In fact, he would have no problem if going forward home appreciation in Denver fell from 8.8 percent.
“We don’t want markets like Las Vegas, Phoenix or in Florida, which saw these huge spikes followed by massive downturns,” Mygatt said.
At the same time, the Denver-area’s 8.8 percent gain is the latest reminder that owning a home is a great way to build wealth.
“Colorado homeowners have built significant wealth over the decades,” Mygatt said.
The 8.8 percent gain is not only good news for local homeowners, but sends an important message to Millennials, he said.
“This demonstrates that homeownership is an important part of Millennial’s future,” Mygatt said.
For those who are priced out of the core Denver-area housing, he suggested that they look at markets such as Mead in Weld County, where prices are rising, but less expensive.
Independent broker Gary Bauer said that 8.8 percent and third place for Denver “is just amazing.”
He said Denver has experienced a strong fall market, which is primarily being slowed by a shortage of appraisers.
“This will be another record year,” Bauer said.
He said it is good news that Denver has consistently been ranked in the top five markets in the country.
“But I am grateful that we are No. 3 and not No. 1,” he said.
National market overview
Meanwhile, the national housing market remains in good shape.
“Supported by continued moderate economic growth, home prices extended recent gains,” said David M. Blitzer, Managing Director and Chairman of the Index Committee at S&P Dow Jones Indices.
“All 20 cities saw prices higher than a year earlier with 10 enjoying larger annual gains than last month,” Blitzer continued.
“The seasonally adjusted month-over-month data showed that home prices in 14 cities were higher in August than in July,” he said
Blitzer noted that other housing data, such as sales of existing single family homes, measures of housing affordability, and permits for new construction, “also point to a reasonably healthy housing market.
“With the national home price index almost surpassing the peak set 10 years ago, one question is how the housing recovery compares with the stock market recovery,” according to Blitzer.
Since the last recession ended in June 2009, the stock market as measured by the S&P 500 rose 136 percent to the end of August while home prices are up 23 percent.

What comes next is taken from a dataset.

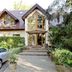 Hotel am Katharinenholz in Potsdam, exterior with pitched roof, garden entrance and parked cars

Home prices, however, did not reach bottom until February 2012, almost three years later.
Home, prices, nationally, he noted, are up 38 percent, if you use February 2012 as your starting point.
Stock prices are up 59 percent during the same period.
Denver-area home prices, however, rose 51.9 percent during that period, almost as much as stocks.
“While the stock market recovery has been greater than the rebound in home prices, the value of Americans’ homes at about $22.3 trillion is slightly larger than the value of stocks and mutual funds at $21.2 trillion,” Blitzer pointed out.